Each line below should be repeated exactly as written, with no pictures carried over.
══ DATASET EXCERPT
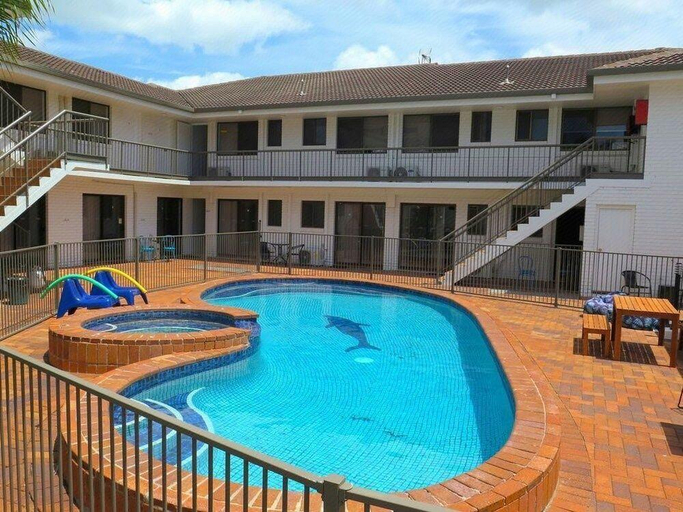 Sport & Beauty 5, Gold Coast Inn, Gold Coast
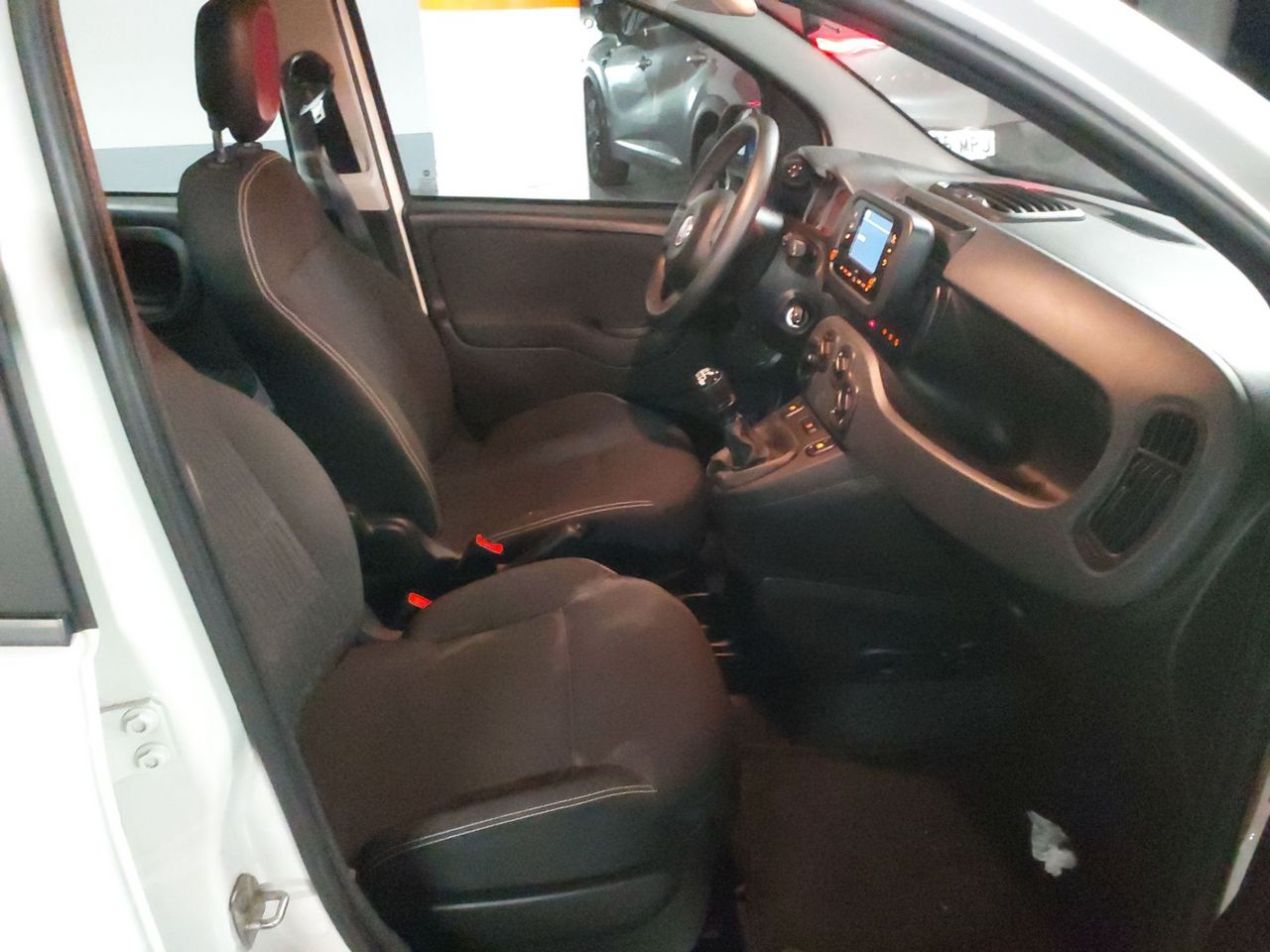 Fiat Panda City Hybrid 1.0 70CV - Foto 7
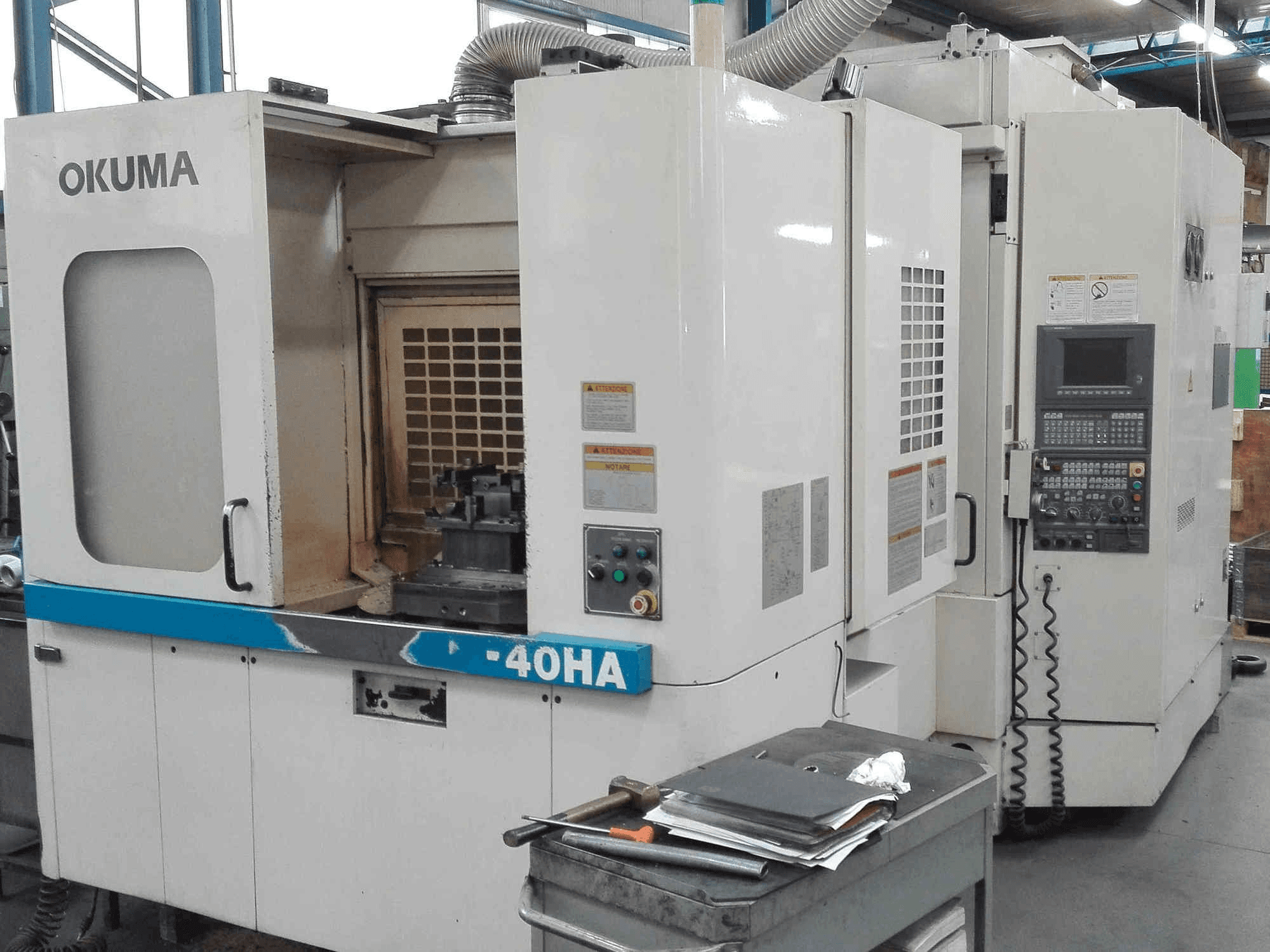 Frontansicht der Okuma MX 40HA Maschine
════
#### EXERCISE RESULT
 Sport & Beauty 5, Gold Coast Inn, Gold Coast
 Fiat Panda City Hybrid 1.0 70CV - Foto 7
 Frontansicht der Okuma MX 40HA Maschine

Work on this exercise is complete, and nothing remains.